(What is being asked) An exact reproduction of the lines below, from the first through the one with "الرئيس السيسى يؤكد", is the whole answer; pictures have no place in it.

(Dataset content)
* * * * *
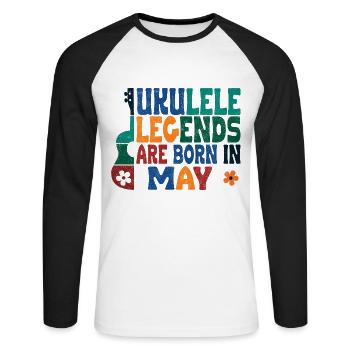 Ukulele Legends are born in May - Unisex Baseballshirt langarm - Weiß/Schwarz - Vorne - Nik (191cm)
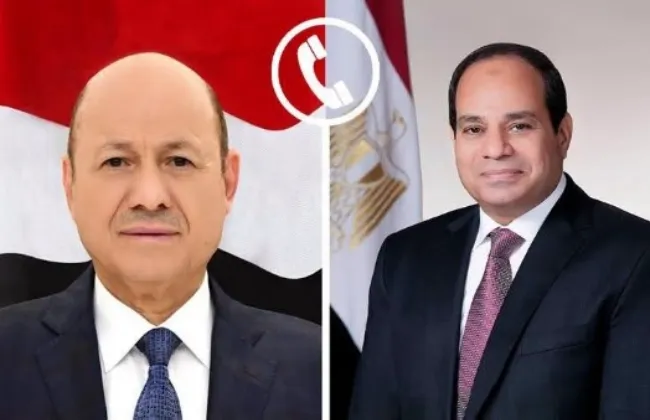 الرئيس السيسى يؤكد لرشاد العليمى حرص مصر على مواصلة دعمها لليمن وشعبه الشقيق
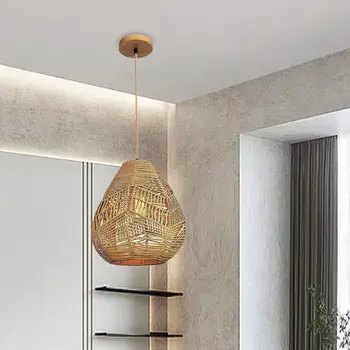 Подвесной абажур для замены защитной лампы для лампы в клетку, плетеный из ротанга подвесной светильник для гостиной, офиса, домашней спальни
* * * * *
(Response area)
 Ukulele Legends are born in May - Unisex Baseballshirt langarm - Weiß/Schwarz - Vorne - Nik (191cm)
 الرئيس السيسى يؤكد لرشاد العليمى حرص مصر على مواصلة دعمها لليمن وشعبه الشقيق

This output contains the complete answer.